--- Source records Enclosed Below ---
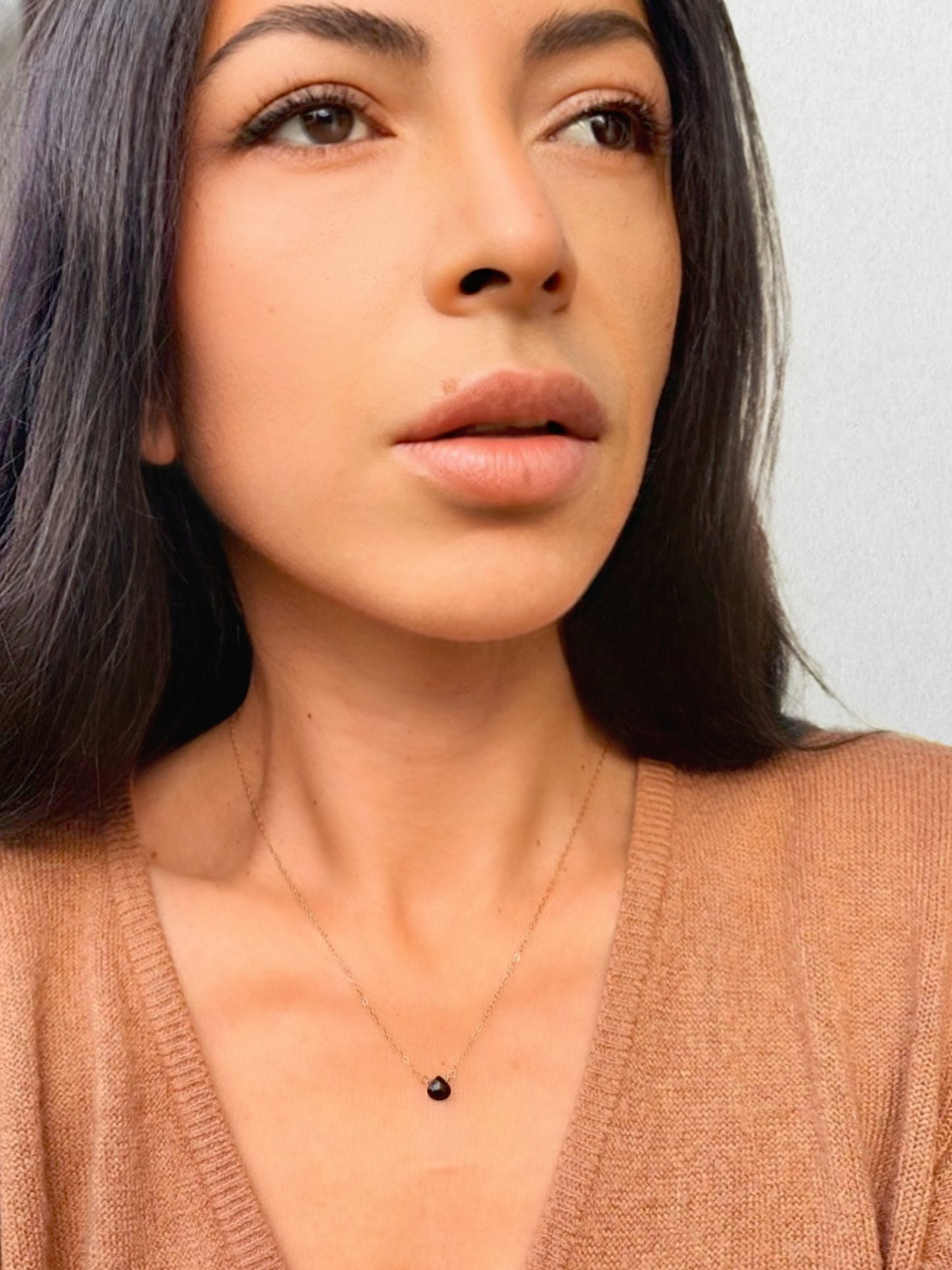 Halskette mit Onyx Tropfen, filigrane Goldkette mit Mini Onyx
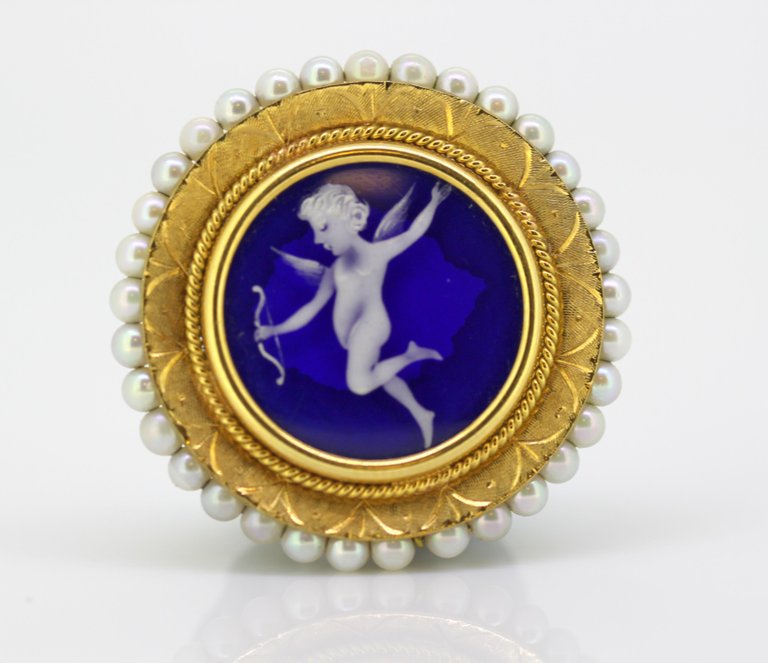Vintage Enamel and Freshwater Pearl Brooch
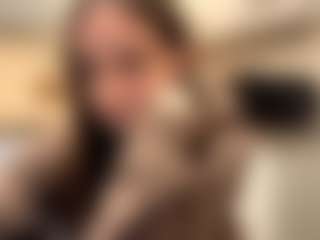 Kira's Live Sex Cam Show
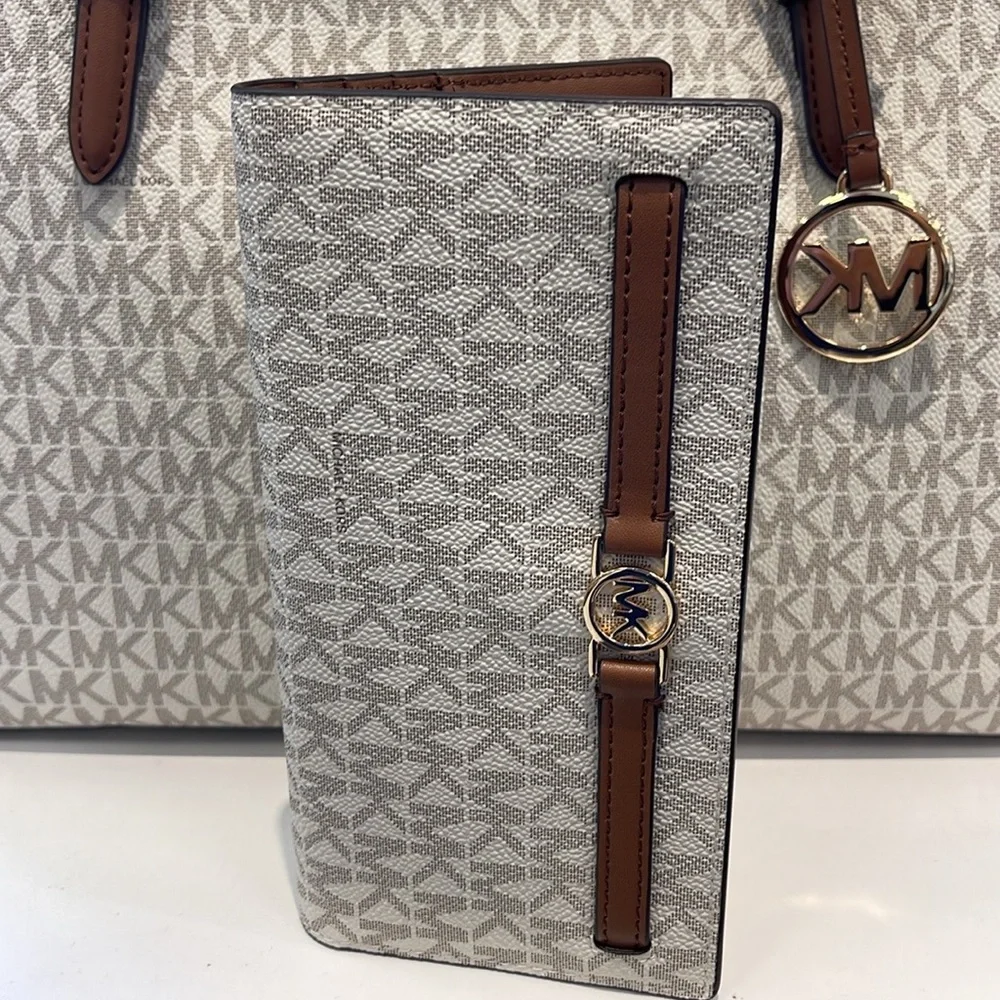 Michael Kors Reed Large Bifold Signature Snap Wallet Card Case Vanilla NWT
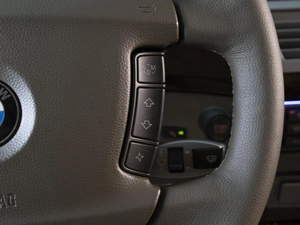Седан BMW 7 серия 2005 года, 2159000 рублей, Омск
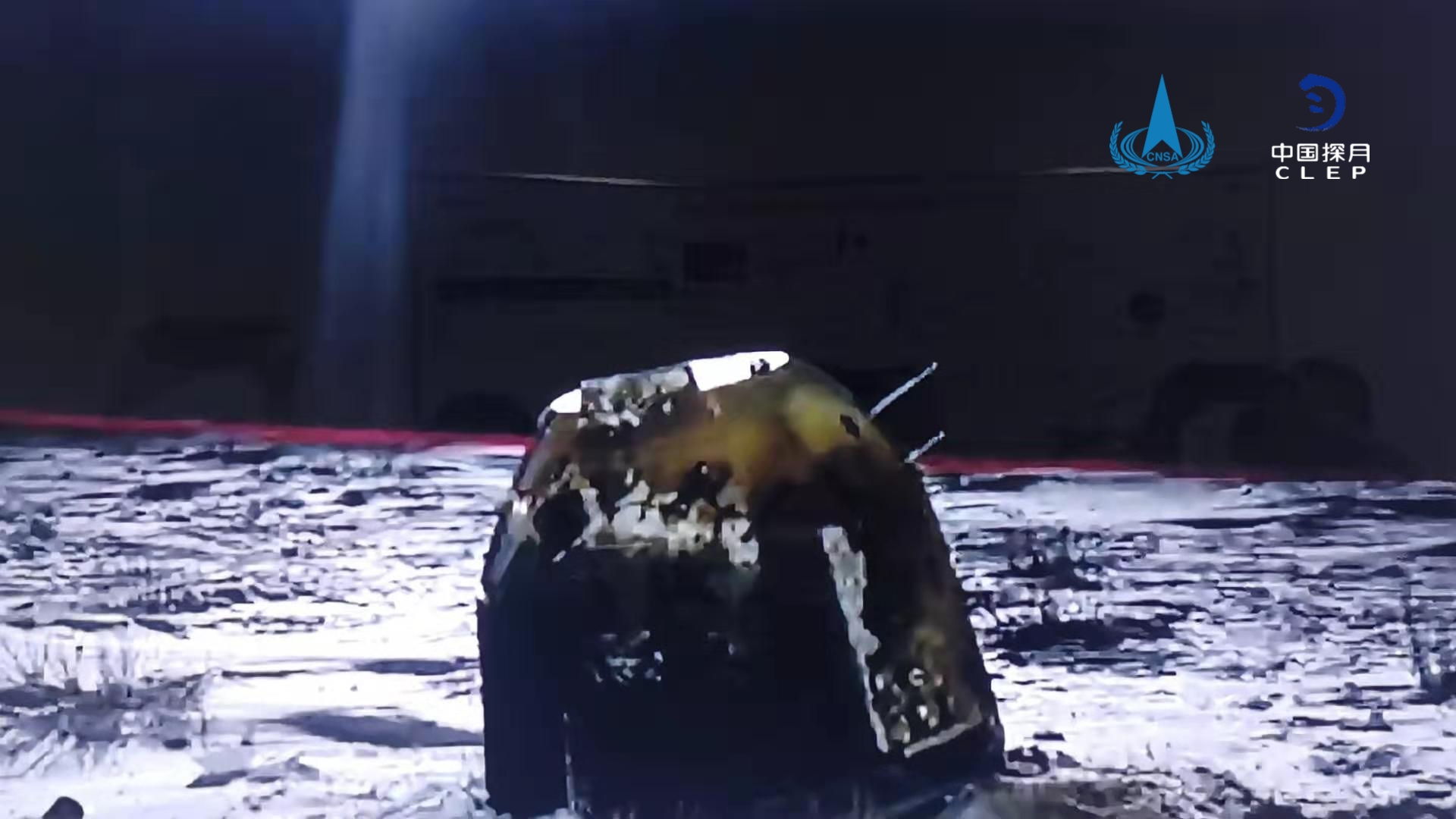 A tiny glass bead from the moon offers clues to its hidden interior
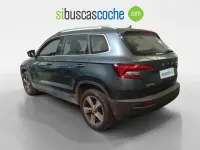 Usado Skoda Karoq Ambition 150 CV (110 kW) 2022 Gris/plata SUV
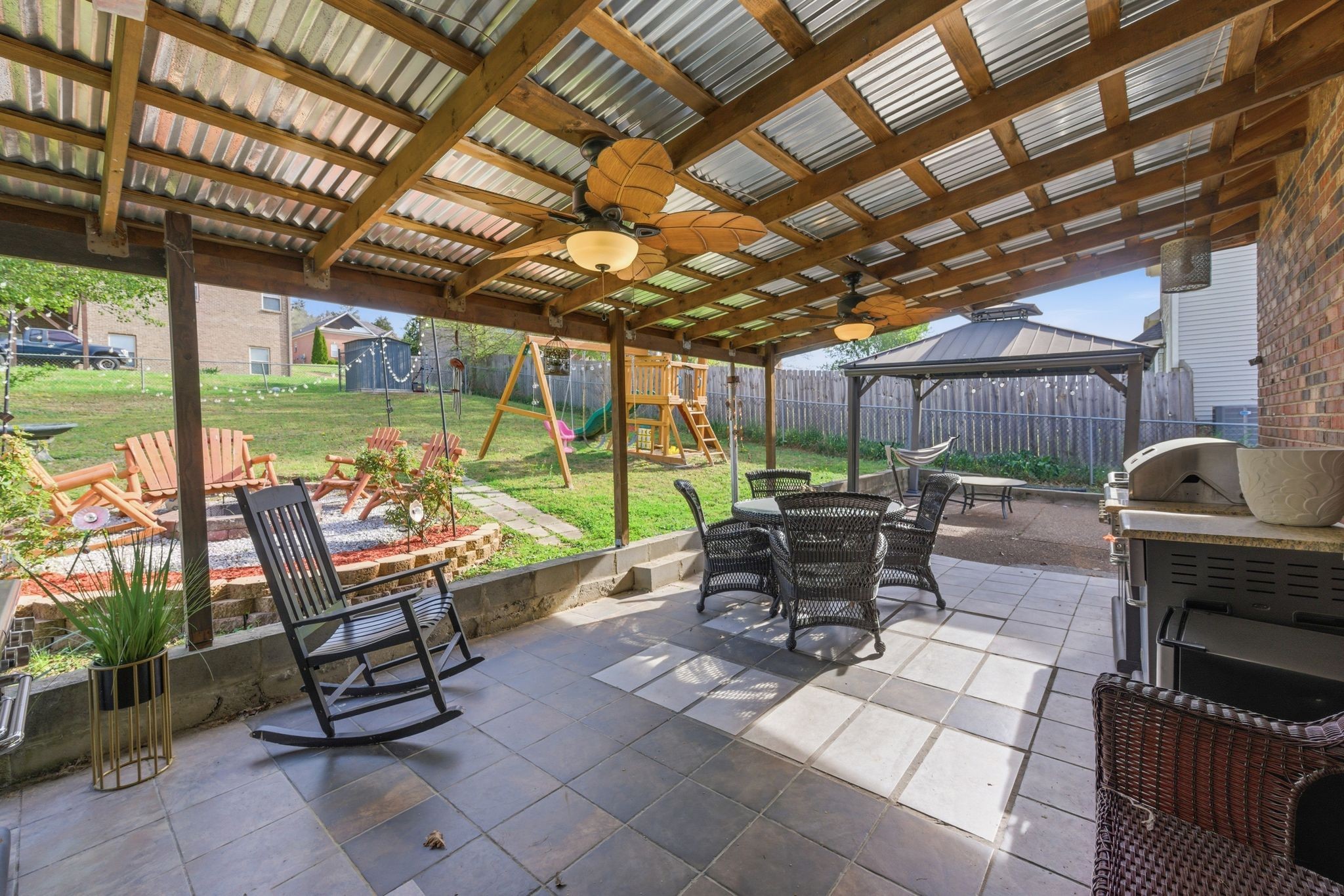 1140 Campbell Rd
--- End of Enclosed Source records ---
◆ Task goal:
The result should be a transcript of the lines from the line containing "Vintage Enamel and Freshwater Pearl Brooch" through the end of the listing above, exact, inclusive, and without pictures.

◆ Written solution:
Vintage Enamel and Freshwater Pearl Brooch
 Kira's Live Sex Cam Show
 Michael Kors Reed Large Bifold Signature Snap Wallet Card Case Vanilla NWT
Седан BMW 7 серия 2005 года, 2159000 рублей, Омск
 A tiny glass bead from the moon offers clues to its hidden interior
 Usado Skoda Karoq Ambition 150 CV (110 kW) 2022 Gris/plata SUV
 1140 Campbell Rd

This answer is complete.